God bless our city’s business leaders.
This is from a story in this weeks’s El Paso Inc.:
“The reason the chamber and the coalition are for the site is it’s been selected four different times in four different studies in, like, 16 years,” said Jack Chapman, a Kemp Smith attorney and board chairman of the Greater El Paso Chamber of Commerce.
Well, no. The Union Plaza neighborhood was only selected in one study done by the Paso del Norte Group, before they changed their name to the Borderplex Alliance, according to this column in the El Paso Times. I guess Mr. Chapman doesn’t read the paper.
“A lot of money has been spent, and it seems to be the most logical place – adjoining the civic center,” Chapman said. “Very few people have to be relocated, and it’s an area that could use revitalization.
“It’s good for economic development and job creation, so for all those reasons, we’re in favor of it.”
Again, no. An arena, and the incumbent rise in property taxes, will likely have a negative effect on economic development and job creation. But let’s not let the truth get in the way of fleecing the marks.
That’s you, citizen. You’re one of the marks.
Misinformation is contagious.
[The Hispanic Chamber’s CEO Cindy] Ramos-Davidson cited the big reason for the members’ support of the arena project – jobs.
“According to the HKS study, the construction of the arena alone will create 1,400 jobs and generate approximately $64 million in earnings,” she wrote. “In addition, once the arena is operational, it will create 1,500 permanent, post completion jobs with annual earnings of nearly $15 million.”
If those post-completion jobs are full-time, that works out to less than $5 an hour. That’s stoop-work wages. I wonder what those 1,500 post-completion jobs will be. I wonder why the ballpark, or the Civic Center, or the Coliseum, hasn’t had that impact.
I guess it’s commendable that Mr. Chapman and Ms. Ramos-Davidson were willing to sacrifice their organizations’ reputations in furtherance of this boondoggle. They’re good soldiers.

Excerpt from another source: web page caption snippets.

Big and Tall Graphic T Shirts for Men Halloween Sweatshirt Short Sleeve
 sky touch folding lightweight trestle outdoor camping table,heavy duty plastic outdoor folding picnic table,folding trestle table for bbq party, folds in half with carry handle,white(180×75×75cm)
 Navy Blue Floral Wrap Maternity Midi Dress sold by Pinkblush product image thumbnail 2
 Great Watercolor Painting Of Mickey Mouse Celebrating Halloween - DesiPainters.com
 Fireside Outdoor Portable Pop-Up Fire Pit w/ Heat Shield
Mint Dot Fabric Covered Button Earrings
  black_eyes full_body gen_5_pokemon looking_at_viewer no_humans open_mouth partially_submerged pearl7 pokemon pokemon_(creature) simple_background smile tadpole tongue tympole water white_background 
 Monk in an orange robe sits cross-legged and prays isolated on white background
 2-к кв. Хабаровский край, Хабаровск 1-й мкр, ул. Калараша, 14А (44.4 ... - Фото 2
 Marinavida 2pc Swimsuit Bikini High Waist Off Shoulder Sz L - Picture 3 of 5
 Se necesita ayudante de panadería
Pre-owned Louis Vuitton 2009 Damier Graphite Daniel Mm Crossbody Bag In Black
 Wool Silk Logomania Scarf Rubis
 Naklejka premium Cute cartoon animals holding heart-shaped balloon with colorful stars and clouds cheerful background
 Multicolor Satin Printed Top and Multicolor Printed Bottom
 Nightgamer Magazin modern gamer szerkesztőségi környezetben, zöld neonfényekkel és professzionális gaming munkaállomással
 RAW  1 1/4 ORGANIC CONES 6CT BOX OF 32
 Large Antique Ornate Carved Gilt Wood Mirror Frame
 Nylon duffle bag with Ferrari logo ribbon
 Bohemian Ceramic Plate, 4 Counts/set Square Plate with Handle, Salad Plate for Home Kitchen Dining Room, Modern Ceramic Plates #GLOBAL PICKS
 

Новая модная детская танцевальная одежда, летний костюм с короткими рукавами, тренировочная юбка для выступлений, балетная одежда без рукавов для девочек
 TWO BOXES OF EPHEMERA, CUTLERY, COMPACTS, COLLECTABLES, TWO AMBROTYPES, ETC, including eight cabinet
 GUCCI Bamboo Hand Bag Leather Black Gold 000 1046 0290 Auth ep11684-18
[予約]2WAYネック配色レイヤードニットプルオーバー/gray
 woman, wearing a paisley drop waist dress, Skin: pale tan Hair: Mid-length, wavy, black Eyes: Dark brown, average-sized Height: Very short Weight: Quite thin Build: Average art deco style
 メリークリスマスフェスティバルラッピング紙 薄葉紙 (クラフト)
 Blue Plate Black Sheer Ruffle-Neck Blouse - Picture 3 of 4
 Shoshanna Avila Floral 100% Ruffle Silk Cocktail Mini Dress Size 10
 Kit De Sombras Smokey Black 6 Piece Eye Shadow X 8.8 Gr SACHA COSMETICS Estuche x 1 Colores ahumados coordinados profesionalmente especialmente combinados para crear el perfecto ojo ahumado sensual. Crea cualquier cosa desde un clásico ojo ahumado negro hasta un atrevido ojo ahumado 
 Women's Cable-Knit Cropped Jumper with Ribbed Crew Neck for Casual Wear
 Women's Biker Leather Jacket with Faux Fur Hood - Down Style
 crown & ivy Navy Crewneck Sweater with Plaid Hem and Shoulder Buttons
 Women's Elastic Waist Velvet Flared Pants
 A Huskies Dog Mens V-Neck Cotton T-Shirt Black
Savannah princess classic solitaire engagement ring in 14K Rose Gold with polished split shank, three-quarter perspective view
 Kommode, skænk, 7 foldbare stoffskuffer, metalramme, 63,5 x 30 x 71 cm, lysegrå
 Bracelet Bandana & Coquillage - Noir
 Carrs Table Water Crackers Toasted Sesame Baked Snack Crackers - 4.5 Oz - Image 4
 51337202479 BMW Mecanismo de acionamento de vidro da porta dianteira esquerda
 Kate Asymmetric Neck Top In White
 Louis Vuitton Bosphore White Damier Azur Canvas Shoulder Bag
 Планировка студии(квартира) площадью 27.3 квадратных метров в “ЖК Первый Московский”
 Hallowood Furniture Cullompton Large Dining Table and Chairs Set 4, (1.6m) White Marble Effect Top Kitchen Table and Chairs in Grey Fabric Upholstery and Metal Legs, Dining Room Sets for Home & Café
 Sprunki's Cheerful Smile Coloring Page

God bless their steely little hearts.
l remember several years ago commenting in the El Paso inc website what a terrible idea the ballpark will become. The publisher’s “defense” was something like, ‘Well, the female members of my family tell me what to support and then l support it.’ That’s when l stopped taking the Inc. seriously. l’m sure that most if not all of the lnc.’s 28 paid subscribers are pretty peeved at me right now, but, oh well.